- [Data block]:
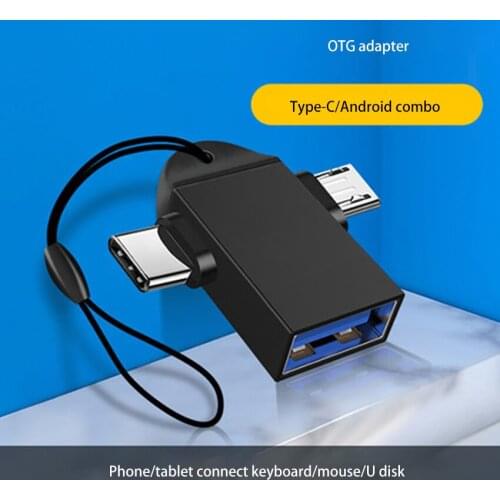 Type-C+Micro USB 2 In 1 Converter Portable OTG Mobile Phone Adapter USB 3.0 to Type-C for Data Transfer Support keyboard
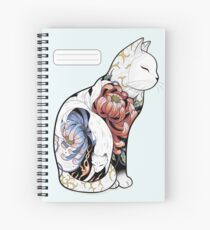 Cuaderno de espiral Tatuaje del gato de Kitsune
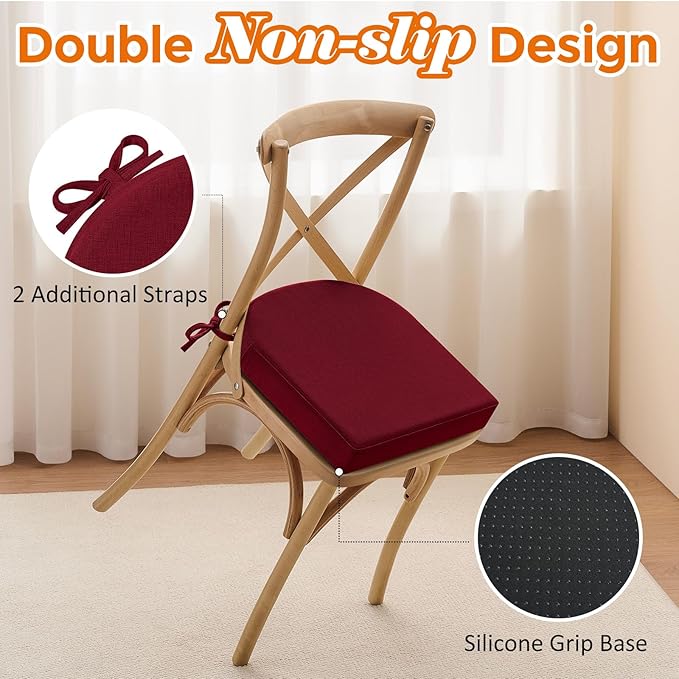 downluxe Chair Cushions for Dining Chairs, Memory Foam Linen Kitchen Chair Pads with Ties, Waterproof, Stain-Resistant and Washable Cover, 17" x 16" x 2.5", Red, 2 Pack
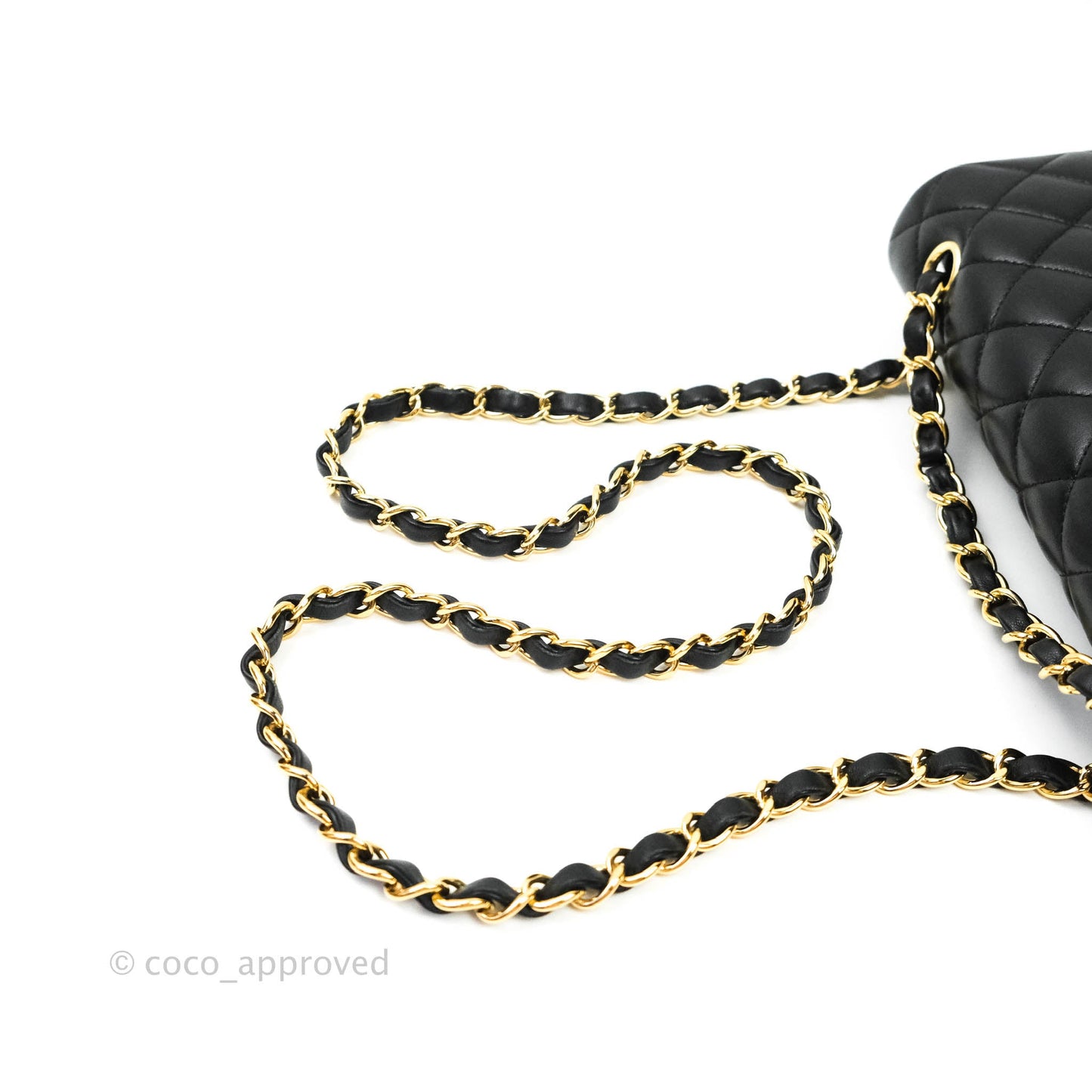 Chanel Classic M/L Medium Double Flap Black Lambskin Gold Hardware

- [Action item]: Omit the pictures, then output the rest of the listing exactly.

- [Response]:
 Type-C+Micro USB 2 In 1 Converter Portable OTG Mobile Phone Adapter USB 3.0 to Type-C for Data Transfer Support keyboard
 Cuaderno de espiral Tatuaje del gato de Kitsune
 downluxe Chair Cushions for Dining Chairs, Memory Foam Linen Kitchen Chair Pads with Ties, Waterproof, Stain-Resistant and Washable Cover, 17" x 16" x 2.5", Red, 2 Pack
 Chanel Classic M/L Medium Double Flap Black Lambskin Gold Hardware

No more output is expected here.